Your Implementation Prompt

Paste this into your AI coding tool after replacing every bracket with your own values. It mirrors the four steps above, so what you specified is exactly what the tool builds.

Build a scikit-learn preprocessing pipeline. Do not fit any transformer
outside cross-validation.

CONTEXT (pin these):
- scikit-learn [1.9.0], pandas [3.0.x], Feature-engine [1.9.4], Python [3.11+]
- Numeric columns: [list by name]
- Categorical columns: [list by name]
- Target column: [name] — must never enter a transformer

STEP 1 — STRUCTURE:
- Run train_test_split FIRST as the firewall.
- Numeric branch: imputation([median]) -> scaling([standardization/normalization]).
- Categorical branch: imputation([most_frequent/constant]) -> encoding([one-hot],
  handle_unknown="ignore").
- Combine both branches in a ColumnTransformer with remainder="drop".

STEP 2 — CONTRACT:
- Every transformer is fitted on training folds only.
- Preserve feature names (use Feature-engine transformers where possible).
- Unseen categories at inference must not crash.

STEP 3 — ORDER:
- Impute before transform in each branch.
- Wrap the ColumnTransformer + [estimator] in a single Pipeline.

STEP 4 — VALIDATE:
- Report cross-validated scores, not a single train/test number.
- Confirm the pipeline runs on a held-out row containing an unseen category.

Ship It

You now read preprocessing as a graph with a firewall, not a script you run top to bottom.
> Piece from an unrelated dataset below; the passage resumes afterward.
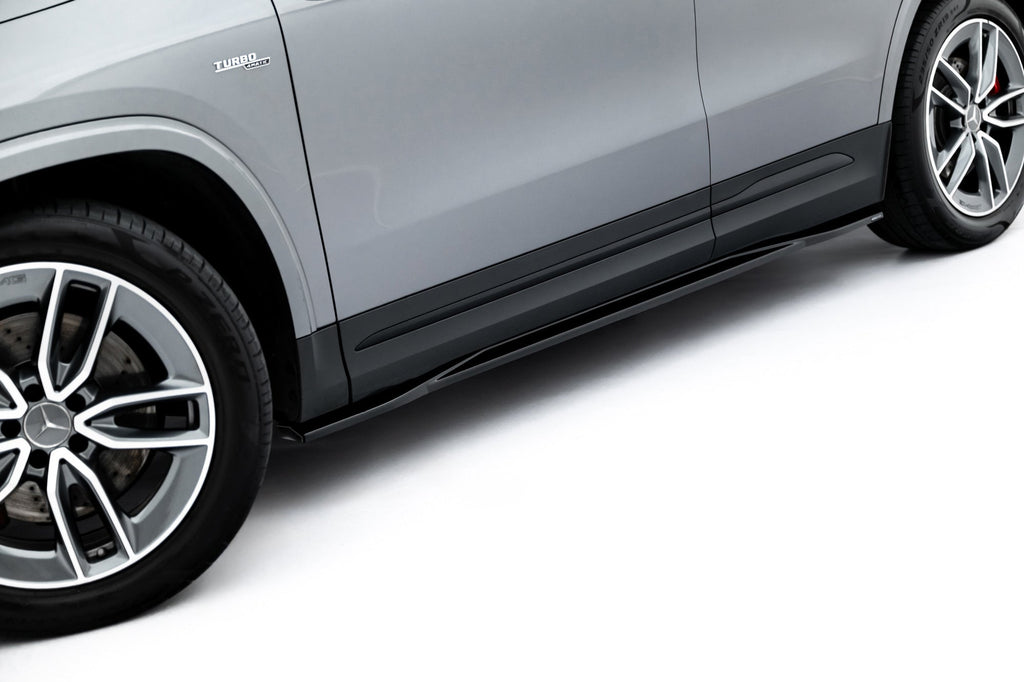 Kit de splitters para Mercedes-AMG GLA 35 H247 Facelift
You can point at the exact line where a leak enters, and you can specify it out of existence before the AI writes a single transformer. That mental model travels to every dataset you touch next.

Aha Moments

MONA

What MAX calls a firewall is, underneath, a question about which distribution your statistics are estimating. A scaler computes a mean and a variance; an imputer learns a central value; an encoder builds a vocabulary. Each is a small model fitted to data. Let it see the test rows and you have estimated the wrong distribution — one that includes information the deployed model will never possess. The validation score then measures memorization of a sample, not generalization to a population. The discipline of fitting inside the fold is not bureaucracy. It is the only way to keep your estimate of error honest, because the estimate is only meaningful when the data it was measured on stayed genuinely unseen.

DAN

Mona frames it as estimating the right distribution. From where I sit, this is the difference between a demo that wins the meeting and a system that survives contact with customers. Inflated validation scores are a sales pitch you make to yourself, and the market collects the debt later — in churned users, in a rollback, in trust you do not get back. The teams pulling ahead right now treat preprocessing as production infrastructure, not a notebook afterthought. They standardize the pipeline once and reuse it everywhere. That is how you ship faster without shipping fragile, and speed with reliability is the only combination that compounds in your favor over a release cycle.

ALAN

Dan talks about debt the market collects. I would ask who signs for it. A leaked test set does not announce itself — the model looks excellent right up until a real person depends on its output. The specification MAX teaches is, quietly, an ethical instrument: it forces you to state what the system may and may not learn from, before anyone is affected by the answer. That honesty is cheap to install now and expensive to retrofit after a decision has already gone wrong. So here is the question worth sitting with: if your pipeline could not see the difference between knowing and pretending to know, how would you ever find out before your users did?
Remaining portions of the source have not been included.